My message to all of you is if you believe you can achieve. Writing these blogs has helped me believe in myself, connect with people in a similar situation and be more open about the difficulties that I face because of CP. But, despite my difficulties, I still get through and manage to achieve great things. My life has been full of obstacles but they have made me the woman I am today!

We are able to do so much – even if we don’t think so, let’s continue fighting and working hard for success!

Happy CP Awareness Day! I am so grateful for all my supporters!! Hope you all have a great Easter xx

Aches that won’t go away…

The pain has come again. I’m sick of it.

 Last year I had a little accident in which I missed a step when I went on a zip-line. As I was strapped to a harness my body jerked up causing pain on my hip and therefore leg. I had x-rays done which didn’t seem to spot any problems. So I was referred to physio which was where they found that my pelvis was dislocated. There and then I had it manipulated and I was in no pain at all for he following few months. 🙂

About 3 weeks ago the pain started again, this time it was  worse –  in both hips and both legs. This time I went to a specialist physio.  My appointment was an hour long and I had a full physical examination. I was told that the reason behind my pain was a lack of exercise, bad posture as well as wearing the wrong type of shoes. So, I was given several exercises to do everyday in order to keep stretching and strengthening my hip and leg muscles.

I really don’t understand what is wrong with me because I am doing everything that I was told to – I walk everywhere, I’m doing the exercises everyday, I’m walking for an hour once a week and I’ve bought the proper walking shoes which were recommended by the physio. It’s a real pain – both physically and mentally! 😦

I wake up in pain and go to sleep in pain. It’s so horrible!

And what’s even worse is , I went to the doctor’s today and I got no help at all. I was told that there is nothing that can be done. I felt really sad and angry as I can’t take the pain anymore. I’m also worried about my future as I will be going to uni this September and the pain will make uni even harder. Also, my parents have been saying that I am too young to be experiencing great amounts of pain and I cannot be taking painkillers all the time. Can anyone relate to this? I would be extremely grateful if anyone has any recommendations of what you do to try and ease the pain.

Last year at High School

I find it hard to believe that I am already in my last year and planning to go to university next year.

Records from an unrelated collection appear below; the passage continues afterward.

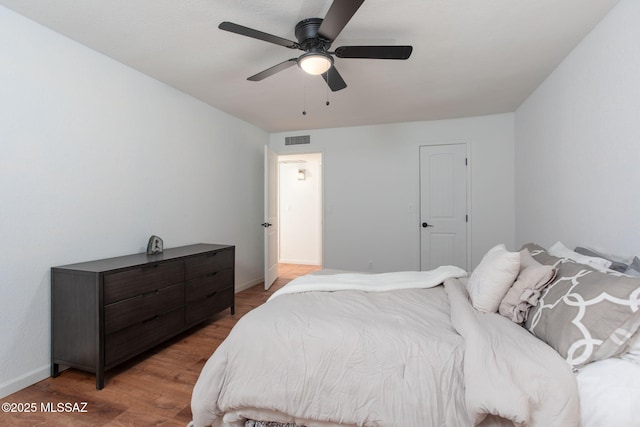 bedroom with light wood-style floors, baseboards, visible vents, and a ceiling fan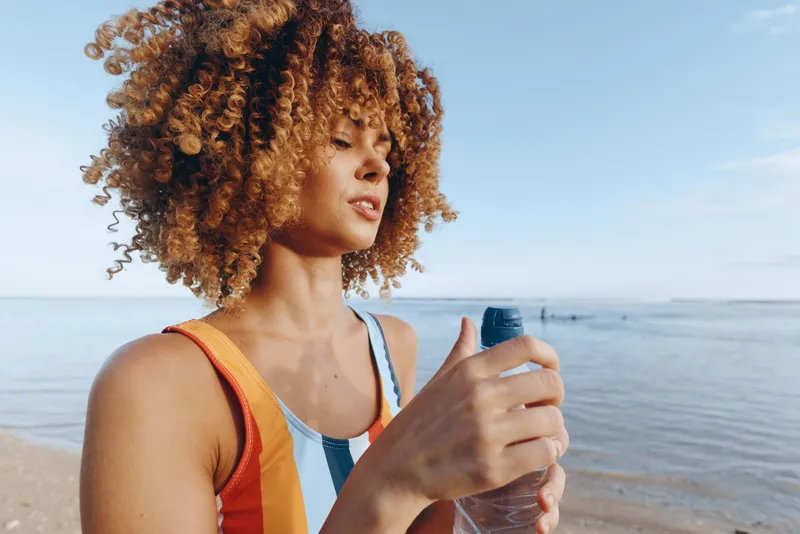 Young african american woman with curly hair in colorful swimsuit opens a bottle of water while standing on a sandy beach under clear blue sky near calm sea.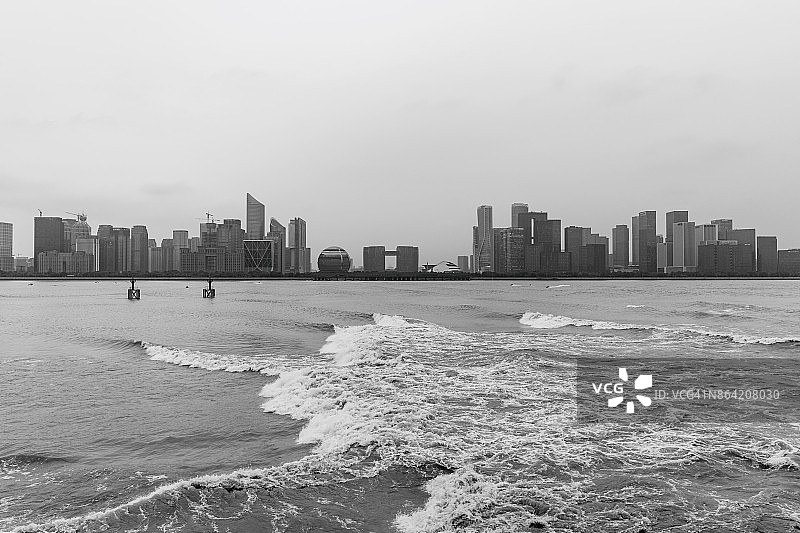钱塘江大潮与市中心天际线背景，杭州，中国图片素材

It’s been a tough couple of weeks full of big decisions about which uni to go to, what course etc. I had originally decided on my chosen course in summer but lots of things occurred which led me to confusion. Due to my CP, I began to doubt myself by thinking that I couldn’t do a French degree just because I speak a little different to everybody else. I was torn down because of this as I have loved the French language ever since I started studying it.

I thought that this was impossible and that I would have to give up my dream and go in another direction…

BUT. I was not alone. Thanks to my parents, teachers and speech therapist, I managed to get back on track with a positive attitude and focus on achieving my dream – to study french at uni!

They helped me see that unfortunately some people have to work harder than others … but it’s ok. This is my life and I cannot change it so the only way forward is HARD WORK. I am ready to take on this challenge and will work hard to achieve my goal. I won’t give up. I won’t let CP stop me from doing what I want to do in life.